» MATERIAL SUPPLIED:
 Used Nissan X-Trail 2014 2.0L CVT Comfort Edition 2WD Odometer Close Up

...

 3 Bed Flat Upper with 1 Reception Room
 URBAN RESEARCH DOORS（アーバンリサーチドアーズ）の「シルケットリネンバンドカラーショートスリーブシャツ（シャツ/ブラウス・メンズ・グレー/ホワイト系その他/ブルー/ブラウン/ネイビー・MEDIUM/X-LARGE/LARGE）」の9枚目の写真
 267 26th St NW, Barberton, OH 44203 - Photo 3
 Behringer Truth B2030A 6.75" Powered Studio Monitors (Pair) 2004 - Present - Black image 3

» PROBLEM TO SOLVE: Please, from the entries above, set down exactly the lines from the one containing "3 Bed Flat Upper with 1 Reception Room" through the one containing "Behringer Truth B2030A", and only those.

» YOUR RESPONSE:
 3 Bed Flat Upper with 1 Reception Room
 URBAN RESEARCH DOORS（アーバンリサーチドアーズ）の「シルケットリネンバンドカラーショートスリーブシャツ（シャツ/ブラウス・メンズ・グレー/ホワイト系その他/ブルー/ブラウン/ネイビー・MEDIUM/X-LARGE/LARGE）」の9枚目の写真
 267 26th St NW, Barberton, OH 44203 - Photo 3
 Behringer Truth B2030A 6.75" Powered Studio Monitors (Pair) 2004 - Present - Black image 3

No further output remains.